Since the study opened, over 25 tumor samples have been submitted for whole genome sequencing, RNA sequencing and methylation analysis. A manuscript has also submitted which goes some way to explain regulation of brachyury (TBXT) in chordoma; the study has also identified a ‘tool’ compound which appears to silence brachyury (TBXT) in the laboratory. Work is now needed with Pharmaceutical companies to see if such tool compounds can be transformed into therapies for the clinic – this is not an easy task – but progress has been made. This manuscript is: “Epigenetic inactivation of oncogenic brachyury (TBXT) by H3K27 histone demethylase controls chordoma cell survival” (bioRxiv 432005; doi: https://doi.org/10.1101/432005.)
The National Cohort Study has initiated the formation of a UK network comprising of patients, their families and medical health care workers, through which it aims to deliver a better and a more standardised management of patients with chordoma, in both children and adults. The hope is that this chordoma network will be the legacy of the study, facilitating the sharing of expertise in this rare disease for years to come. At present, a Clinical Research Fellow, funded by Chordoma UK, travels to centers to meet teams and help to establish the network. The Chordoma Foundation along with The Drew Barker-Wright Charity supports the basic research associated with the National UK Cohort Chordoma Study. The Drew Barker-Wright Charity has a specific focus on Paediatric Chordoma.

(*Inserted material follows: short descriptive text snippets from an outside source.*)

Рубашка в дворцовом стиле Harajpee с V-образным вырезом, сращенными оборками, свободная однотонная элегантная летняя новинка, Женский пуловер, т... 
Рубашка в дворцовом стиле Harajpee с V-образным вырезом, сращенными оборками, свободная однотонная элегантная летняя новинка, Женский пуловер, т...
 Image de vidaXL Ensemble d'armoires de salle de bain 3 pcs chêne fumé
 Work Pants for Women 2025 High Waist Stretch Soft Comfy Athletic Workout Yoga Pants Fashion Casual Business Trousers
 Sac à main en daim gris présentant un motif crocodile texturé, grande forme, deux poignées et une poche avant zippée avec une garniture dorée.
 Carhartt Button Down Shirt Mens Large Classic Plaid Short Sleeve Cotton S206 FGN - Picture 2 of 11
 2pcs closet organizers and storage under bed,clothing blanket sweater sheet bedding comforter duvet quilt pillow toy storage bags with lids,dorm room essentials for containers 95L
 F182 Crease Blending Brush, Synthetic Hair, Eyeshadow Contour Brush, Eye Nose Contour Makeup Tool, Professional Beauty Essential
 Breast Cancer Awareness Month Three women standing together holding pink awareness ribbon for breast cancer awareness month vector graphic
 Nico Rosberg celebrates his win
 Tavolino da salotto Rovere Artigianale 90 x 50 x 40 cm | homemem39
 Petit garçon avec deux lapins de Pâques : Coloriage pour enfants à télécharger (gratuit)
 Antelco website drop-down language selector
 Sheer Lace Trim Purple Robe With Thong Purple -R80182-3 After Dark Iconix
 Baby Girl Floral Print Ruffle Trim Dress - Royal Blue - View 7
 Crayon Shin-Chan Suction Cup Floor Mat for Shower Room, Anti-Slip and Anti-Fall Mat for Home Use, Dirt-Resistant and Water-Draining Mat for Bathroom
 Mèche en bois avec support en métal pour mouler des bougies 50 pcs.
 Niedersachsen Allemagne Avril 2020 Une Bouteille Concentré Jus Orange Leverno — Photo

The research program involves the recruitment of patients with chordoma of all ages. There is a focus on undertaking research on chordoma from paediatric patients. However, the rare occurrence of chordoma in children makes this challenging but, it is believed that understanding chordoma occurring in any age group would be beneficial to the chordoma patient and health care community at large.
This year will see more centers opening in the National Cohort Study, with further recruitment; working hard to strengthen and expand the clinical network with a focus on centers that see paediatric patients with chordoma. Finally, the project looks forward to analysing the results generated during the past twelve months and sharing these findings.